*If you are concerned about granting access to the host...* Everyone should be. ...

vidarh · on June 27, 2014

> Everyone should be.

And in that case running sshd in the Docker container is not a good idea. There has not been sufficient work in hardening Docker to ensure that there are no way of breaking out of Docker containers.

> I consider that an ugly hack that should be avoided at all costs. Why? It's not viable without up-front automation investment,

There are multiple automation tools available that can handle KVM just fine, including OpenStack. And if you're going to be deploying enough Docker containers for you to be concerned about KVM automation, then you need to invest in automation anyway, for Docker.
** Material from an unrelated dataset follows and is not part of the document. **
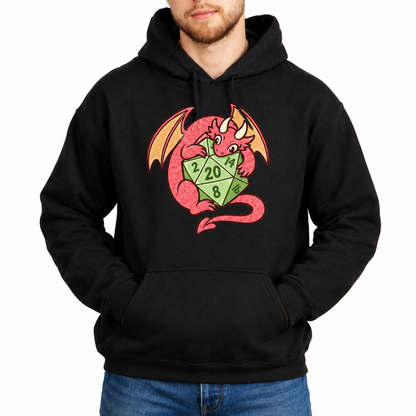 Male model wearing Dragon’s Lucky D20 black D&D hoodie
But what is your alternative means of sandboxing the apps if you are concerned about users gaining access to the host? Outside of other VM solutions like Xen etc.? OpenVz? No matter which sandboxing method you choose, you're either trading off security or picking complexity + additional latency and inefficiency.

> Process monitor? What are you talking about? At least with LXC, each container has PID 1 (master application process, init system, whatever) and can be stopped/started easily with lxc-stop -n nameofcontainer.
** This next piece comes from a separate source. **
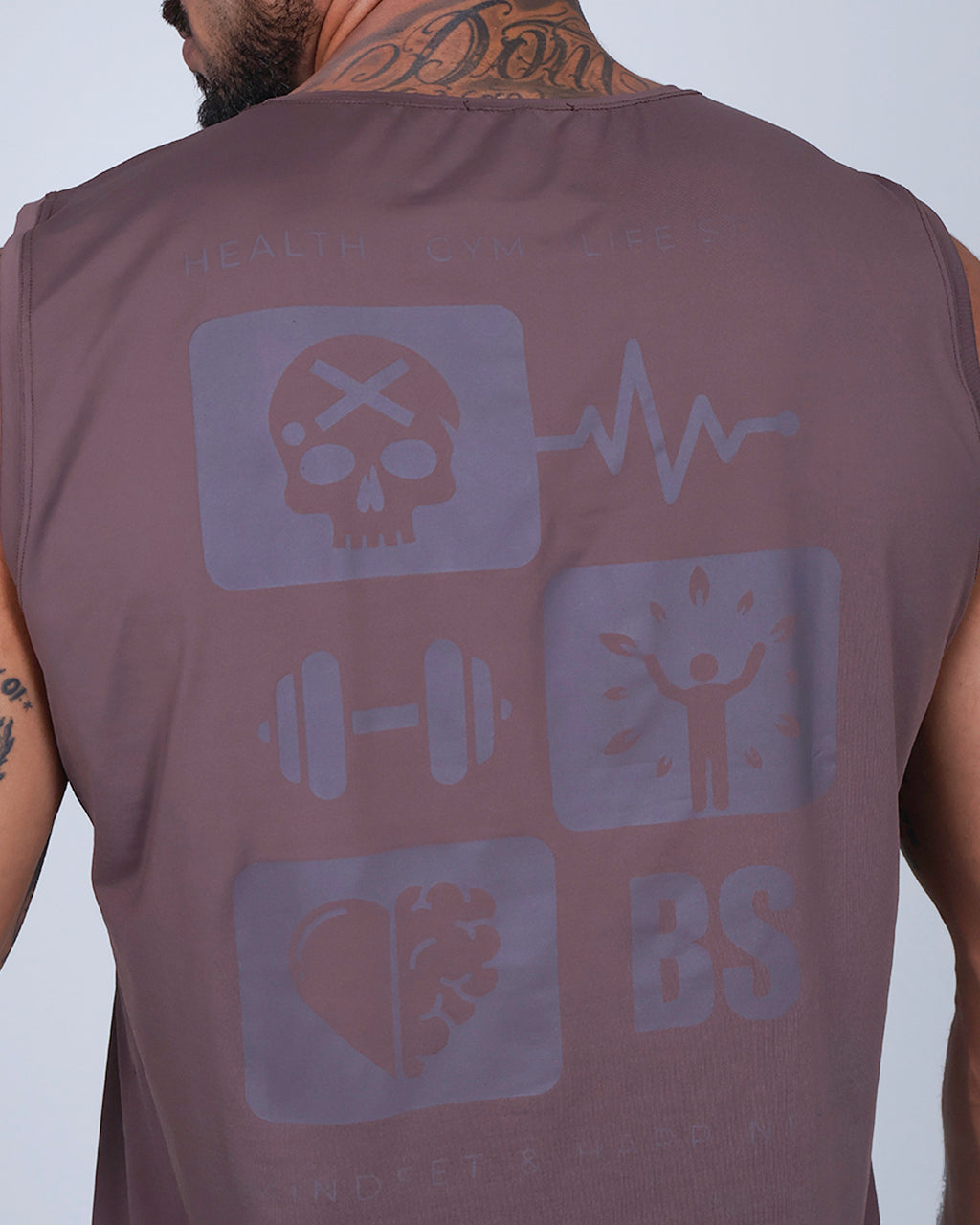 Regata Machão Skull Run - Marron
Yes, and if you want to stuff an sshd inside an lxc container or docker container alongside your application process, that means you will typically need use init, daemontools, mon or a similar tool to be the pid 1 in the container responsible for spawning the sshd and app, instead of just letting the application itself be the "local" pid 1. Which means that you don't typically end up just adding sshd, but dragging in additional dependencies as well.

> As for sshd, my point was that it can make sense because it's secure, remote-accessible, proven

That doesn't change if it's run on the host, and you force "nsenter". But it also does not protect you against the potential for escaping the containers. If the "secure" part here matters for you, you should be considering a full VM (optionally with Docker inside, but not just Docker) until Docker has substantially more testing behind it.

> That aren't remotely accessible, without breaking the abstraction and creating some shared access scenario on the host.

First of all, restricting remote access is a good thing. Part of the point is that with a properly developed container image coupled with the proper tools, you should not need to access individual containers remotely. Opening up for remote access is not just a security problem, but a massive configuration management hassle.

The number of problems that gets created, or not properly fixed, because people get sloppy when they have direct access to poke around production servers / vms / containers is one of the biggest ops headaches I've had the misfortune of dealing with over the last 20 years. Yes, you may occasionally need to poke around to trouble-shoot, and so having some means of gaining access is still necessary, but as the article points out: You still do.

(And again, if you have problems with granting access to the host, you should not trust Docker without containing it in a VM)

So in other words: They are just as remotely accessible as the same apps would be outside of the containers. And if your proposed alternative is to replace this:

     - app1
     - app2
     - app3
     - sshd + a single binary that'll soon be in pretty much all distro's.

with this:

     - init1
          - app1
          - sshd2
     - init2
          - app2
          - sshd2
     - init3
          - app3
          - sshd3
     - sshd

With either extra bind-mounts or replicating config files/keys for all the sshd's - neither a "free" solution in terms of complexity.

... then we don't have at all the same view of what complexity is.

contingencies · on June 27, 2014

If you need remote access, given sshd-in-container versus sshd-in-host as an access path, the former is clearly more secure by design, even if the containment eventually fails.

what is your alternative means of sandboxing the apps

Well, I don't have a finished solution but already I could write a fairly hefty book on evaluated approaches here ... basically combining the normal kernel tools (aggressive capabilities restrictions, connectivity restrictions, read-only root, device restrictions, mount restrictions (no /sys for example), subsystems-specific resource limits) with formal release process (testing, versioning, multi-party signoff), additional layers of protection (host-level firewalling, VLAN segregation, network infrastructure firewalling, IO bandwidth limitation, diskless nodes, unique filesystem per guest, unique UIDs/GIDs per guest, aggressive service responsiveness monitoring with STONITH and failover, mandating the use of hardened toolchains), kernel hardening and use of security toolkit features (syscall whitelist policy development automation via learning modes + test suite execution, etc.)

Fail-safe? No. Better than most? Probably. Security is a process, after all...

That doesn't change if it's run on the host

It does, because you're now contentious for host resource, and you have to have the comprehension of an abstract concept of hosts and guests and their identities living remotely, ie. normal tools - which assume node-per-address - won't work out of the box.

neither a "free" solution in terms of complexity

You have highlighted a tiny difference in the process space, which is basically free. But in doing so, you have ignored the other aspects. A single read-only bind mount per guest is very cheap in complexity terms.